Des réalités similaires pour les travailleurs
La plupart du temps, les employés des commerces alimentaires franchisés (de type par exemple Proxy Delhaize) se retrouvent dans la commission paritaire 201 du commerce de détail indépendant. Ce qui justifie la différence de traitement.
Le travail pourtant, comme le pointe Stéphane, y est quasiment en tout point le même. Cela peut donc être difficile à comprendre. Delphine Latawiec, secrétaire nationale CNE commerce, en convient : "Si l'on se place du point de vue du travailleur, que l'on soit caissière dans un Carrefour express ou dans un hypermarché, c'est un peu pareil..." D'où le sentiment d'injustice. Mais, considère la Secrétaire nationale CNE : "Le système de la franchise est discriminatoire par essence. Les conditions de travail ne sont pas les mêmes et c'est souvent au désavantage des employés des franchisés".
Mais très différentes pour les employeurs
Certains des affiliés du syndicat chrétien lui font d'ailleurs savoir qu'ils sont mécontents. Seulement, comme l'explique la responsable "s'il n'y a pas de rapport de force, on peut difficilement négocier les mêmes avantages". La commission paritaire 201 englobe des situations très différentes : du petit épicier du coin qui a deux employés, au magasin de luxe et jusqu'à l'indépendant qui a plusieurs franchises. "On ne peut pas réclamer la même chose à tous ces patrons", estime Delphine Latawiec.
Pour cette commission paritaire 201, une solution sectorielle n'a donc pu être trouvée. Les discussions se passent alors au niveau des entreprises. Et dans ces commerces, il n'y a quasiment jamais de délégation syndicale, faute d'avoir 50 travailleurs. Les employeurs sont évidemment libres d'accorder l'un ou l'autre avantage à leurs travailleurs dans le cadre de la crise. Certains le font, par exemple en augmentant la valeur des chèques repas.

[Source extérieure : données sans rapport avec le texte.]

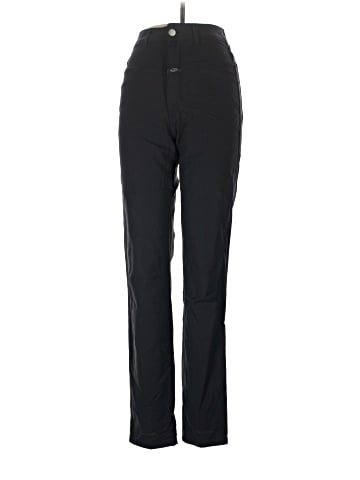 Closed Active Pants (view 1)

Impossible de tracer une ligne entre celles qui vont bien et celles qui ne peuvent pas se permettre d'octroyer des primes
Du côté de l'Union des classes moyennes, on souligne que l'accord négocié pour les grandes surfaces "n'est pas transposable aux petits commerces et aux franchisés". Matthieu Dewevre, conseilleur au service d'étude de l'UCM, souligne la différence de réalité entre les grandes surfaces et les autres commerces alimentaires : "Dans la commission paritaire 202, il y a très peu d'entreprises pour beaucoup de salariés. Dans la CP 201, il y a un très grand nombre de commerçants qui vivent des situations très différentes". Mais évidemment, "on ne dissuade pas les employeurs qui ont les moyens d'accorder des avantages. Certains nous ont contactés pour le faire et on les aide", nuance-t-il. Et puis, "ce n'est pas parce qu'une société reste ouverte qu'elle se porte nécessairement bien et c'est impossible au niveau du secteur de tracer une ligne entre celles qui vont bien et celles qui ne peuvent pas se permettre d'octroyer des primes", précise Matthieu Dewevre.
Luc Bormans, le président de l'Aplsia, l’Association professionnelle du libre-service indépendant en alimentation, partage cet avis : "Certaines entreprises peuvent payer une prime à leurs employés mais il ne faut pas généraliser. Tout le monde ne vend pas plus et ce n'est pas parce qu'on vend plus, qu'on gagne plus", résume-t-il.
En Belgique, les enseignes franchisées (qui utilisent contre rémunération une marque pour vendre des produits) sont très nombreuses. Elles représenteraient plus de la moitié du commerce et plus de 30.000 travailleurs.